Retour en Bretagne

Toujours fasciné pars l’histoire, mon grand-père continua de parfaire ses connaissances, d’effectuer des recherches dans les bibliothèques et les dépôts d’archives, et il décida de se consacrer particulièrement à l’étude de l’histoire du Pays de Dinan. Il anima souvent des visites guidées de la ville ou des excursions pour diverses sociétés. Son érudition, la qualité des ses commentaires, les anecdotes  pittoresques dont il savait émailler son récit, captivaient toujours l’attention de ses auditeurs.

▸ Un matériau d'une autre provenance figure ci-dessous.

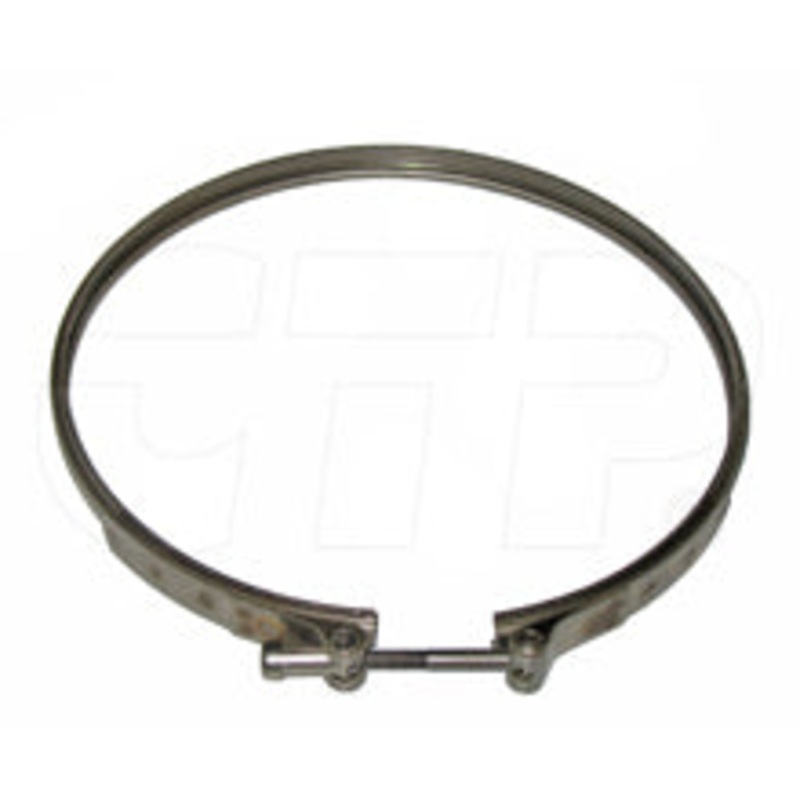 2S1304 Clamp/7M9916 Fits Caterpillar Models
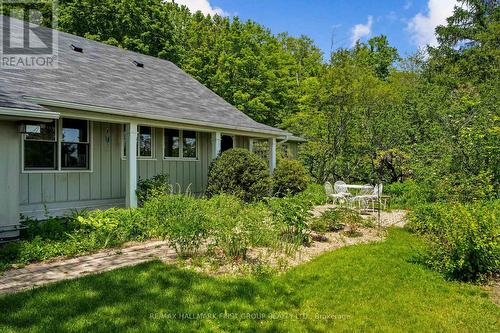 2904 Shelter Valley Road, Alnwick/Haldimand, ON 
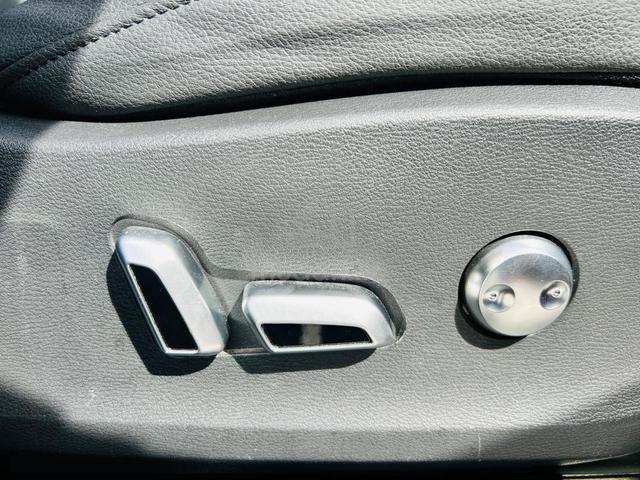 GREAT WALL GWM Haval H2 1.5 PREMIUM (A) TURBO - 5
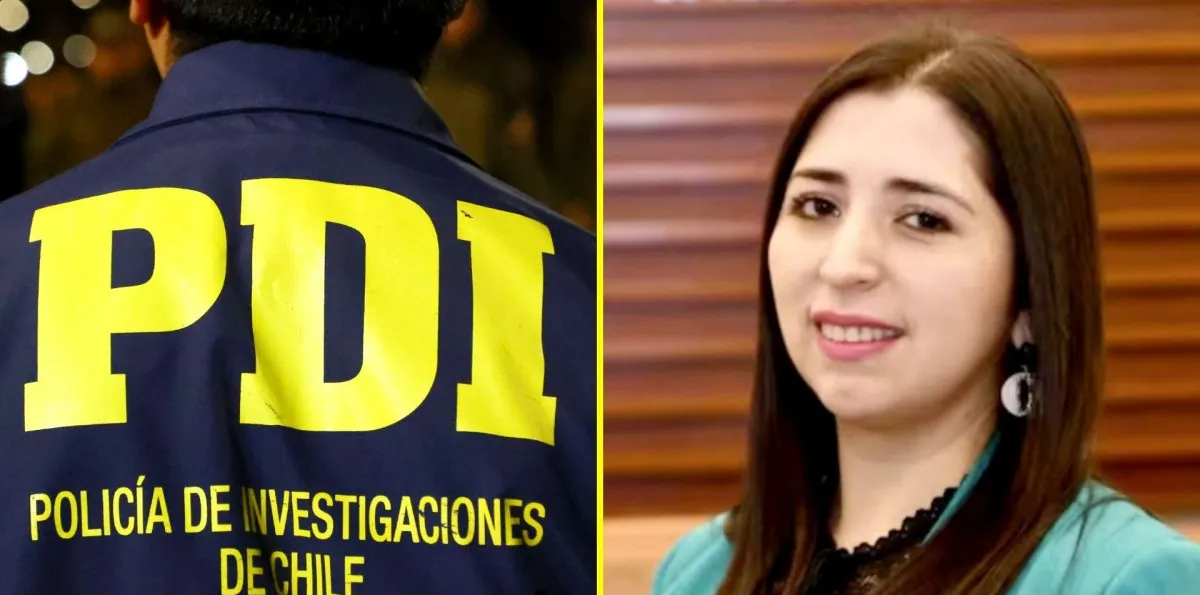 Tenía 38 años y era hija de una concejala: ¿Quién es la mujer que perdió la vida tras caer a humedal en Valdivia?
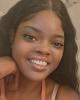 Shantessa is single in Clarksville, TX USA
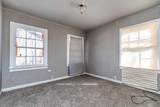 210 Floyd Avenue - Photo 34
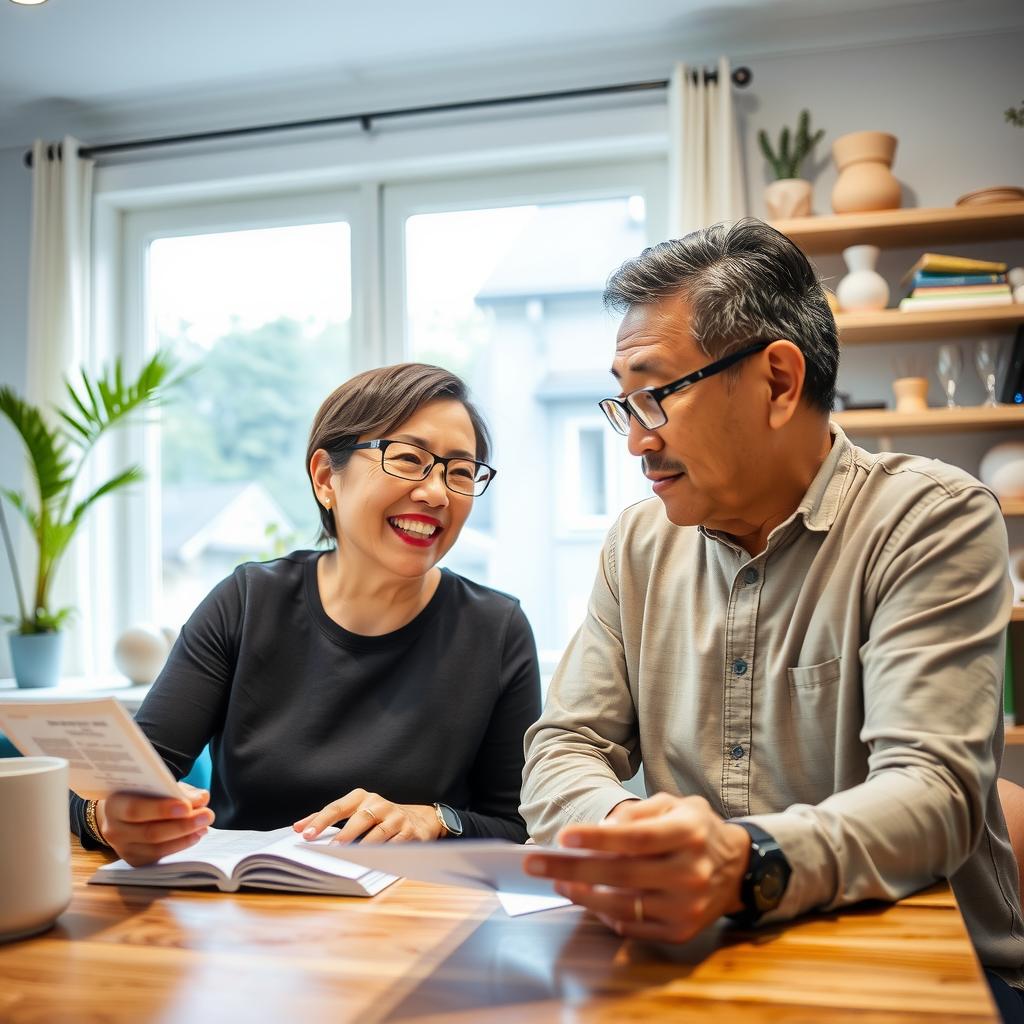 Compare Implant Costs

Ses premières publications furent surtout des articles pour les sociétés régionales, mais vers 1950 il publia deux études sur Dinan :

             Dinan raconté dans ses rues  

             et

            Les sièges de Dinan

 Six ans plus tard, il fit éditer le premier de ses ouvrages les  plus importants, Quinze promenades autour de Dinan. En 1958, il publia Dinan, ville d’art ; en 1962, ce fut Sanctuaires, croix et fontaines, en 1965 Les contes de mon village, et en 1969 Dinan, mille ans d’histoire, ouvrage préfacé par le Président René Pléven, ancien Premier ministre, et couronné par l’Académie française.

Non content d’être historien très documenté de la région dinannaise dans ses évènements anciens, Mathurin Monier fut aussi un témoin attentif de l’actualité.  Il s’employa également à la protection des sites et des monuments dans le département des Côtes d’Armor. Il devint membre correspondant de la Commission supérieure des Monuments historiques.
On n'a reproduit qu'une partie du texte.